4. Assurance for customers of BSI Bank 4 Clients and customers of BSI Bank are assured that the Bank is solvent and has assets in excess of its liabilities and commitments. It also has the full support of its parent bank, BSI SA, in Switzerland. MAS is working closely with the Swiss Financial Market Supervisory Authority (FINMA), the home regulator of BSI SA, to oversee an orderly closure of BSI Bank in Singapore.

5. MAS notes that FINMA has approved the acquisition of the entire BSI Group by EFG International, a bank authorised by FINMA and headquartered in Switzerland. In the interest of the customers of BSI Bank, MAS will allow the transfer of the Singapore subsidiary’s assets and liabilities to the Singapore branch of EFG Bank AG or to the parent entity, BSI SA. Withdrawal of merchant bank status.

6. In 2011, MAS inspected BSI Bank and found policy and process lapses at the front office and weak enforcement by control functions.

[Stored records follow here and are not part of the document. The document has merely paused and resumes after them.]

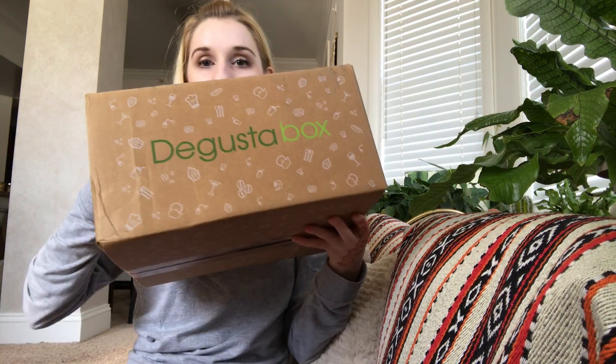Hey everyone, welcome to my channel. Today I am going to be unboxing the Degusta Box for October 2018. Degusta Box is a food and snack box. It's $20 a month plus tax — for me it's like $21.05 because of the tax here in Virginia. You get all sorts of different food items. I will leave a link down below; I believe you get $7 off your first box if you sign up, which makes your first box like $13.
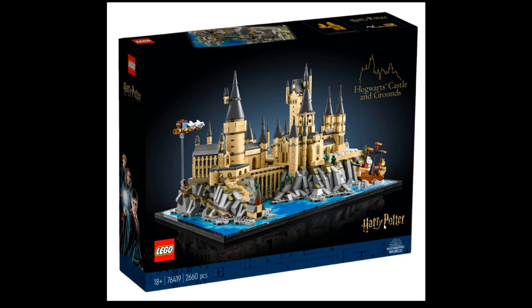So Hogwarts Castle and Grounds — nice minifigure, lots of pieces, but the price-to-pieces ratio is questionable when what you're getting is a micro scale castle.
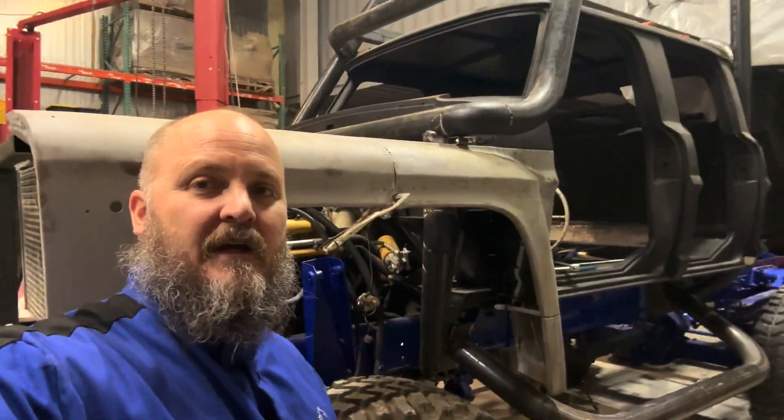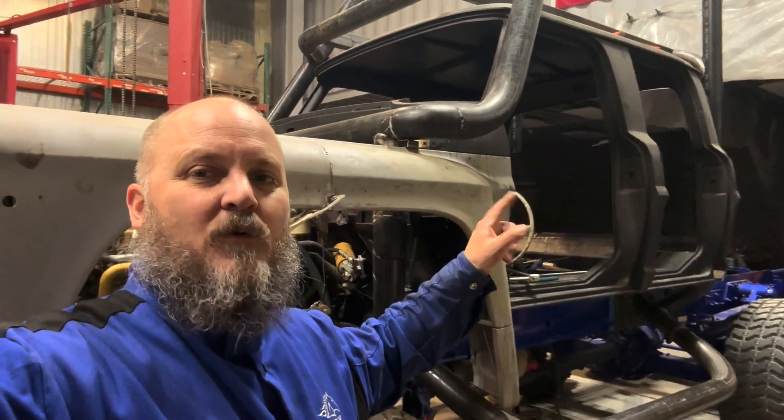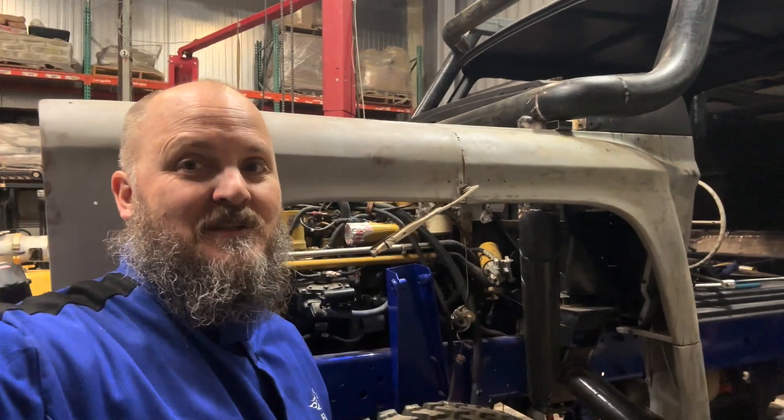Want to see an unbelievable truck? Check this thing out. Boy, I need to get the doors on this. 1967 F-350 four-door, F-600 hood assembly that stretched a foot — still needs to be finished.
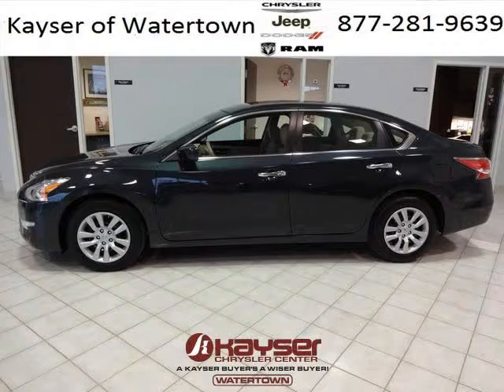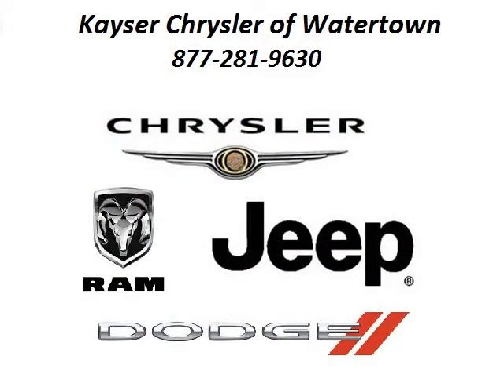Low miles means it's fresh and ready to get out there. Come in today and take a look for yourself. Kayser Chrysler Watertown is the dealership for you, conveniently located in Watertown, Wisconsin off of 105 Highway 16 Frontage Road.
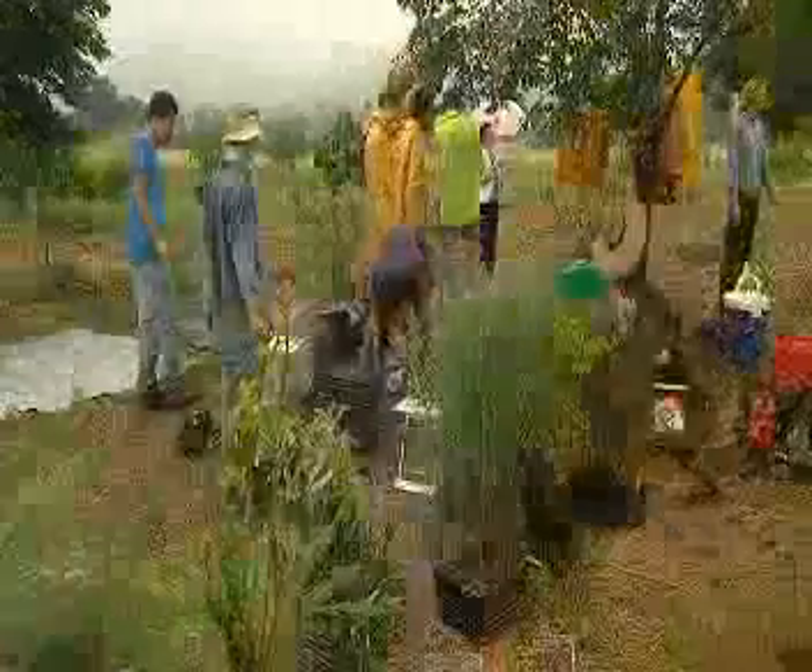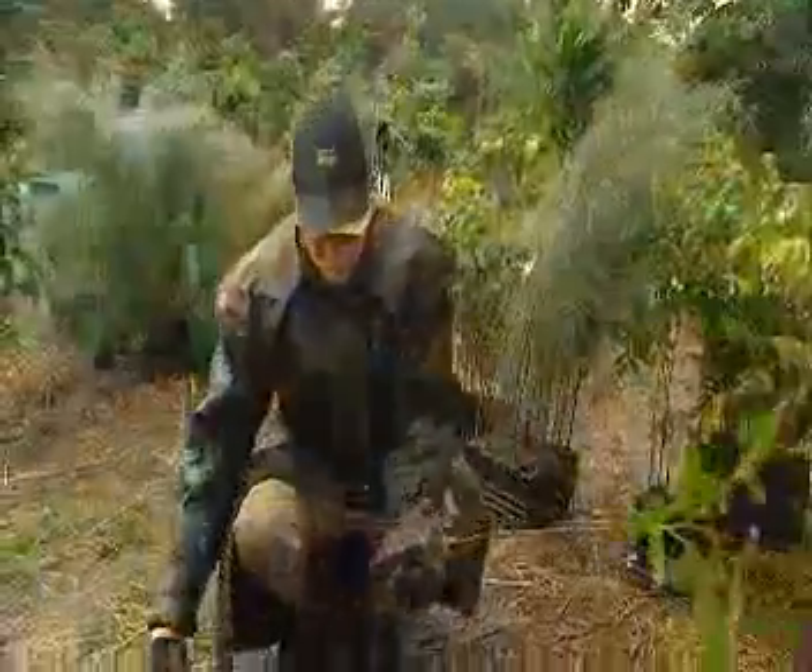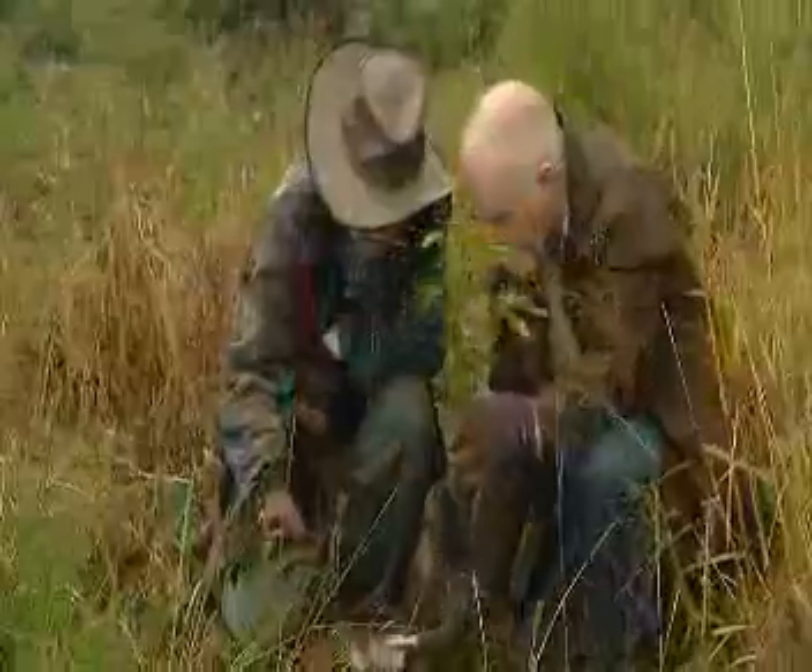We know that the health of the Barrier Reef is affected by the health of the rivers. We're repairing along the banks of the Barron River by planting hundreds and hundreds of trees and repairing the banks. This will enable the Barron River to do its job of delivering better quality water to the Great Barrier Reef.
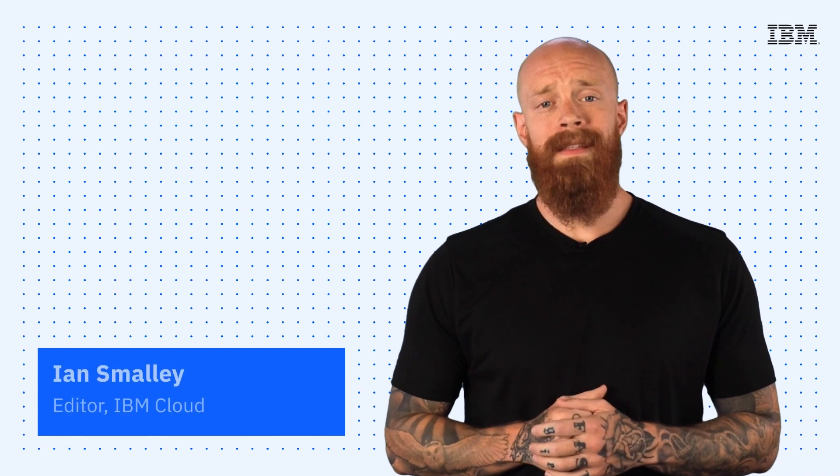Thanks so much for joining me today for this episode of IBM Tech Now. If you're interested in learning more about the topics I've covered, make sure you explore the links in the description of this video. And please don't forget to subscribe to our channel to stay up to date on what's going on in tech now.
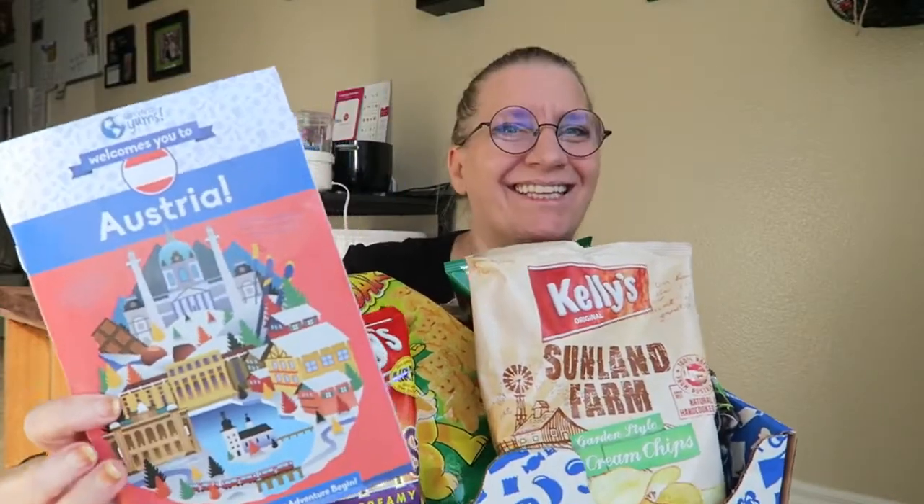Hi there! I've recorded this video already but it disappeared on me, so the Universal Yums box for October is already opened up, but it is all still intact. This month is from Austria. I'll put a link below to Universal Yums — if you use that link, you'll get a discount.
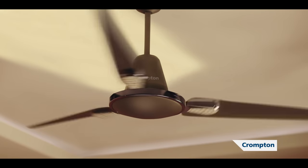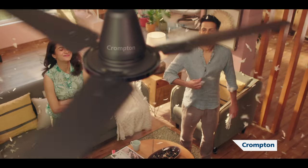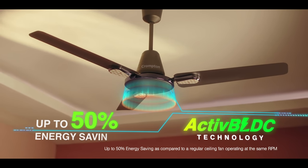Alexa, fan on. Crompton Energy On's active BLDC technology, which gives up to 50% energy savings.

The lapses were rectified. In 2014, MAS inspected the bank again and uncovered serious shortcomings in its due diligence checks on assets underlying the investment funds structured for the bank’s customers. Given repeated findings of weaknesses in its control regime, MAS instructed BSI Bank’s management to increase scrutiny of the bank’s risk management processes and internal controls.

A more intrusive third inspection by MAS in 2015 revealed multiple breaches of anti-money laundering regulations and a pervasive pattern of non-compliance.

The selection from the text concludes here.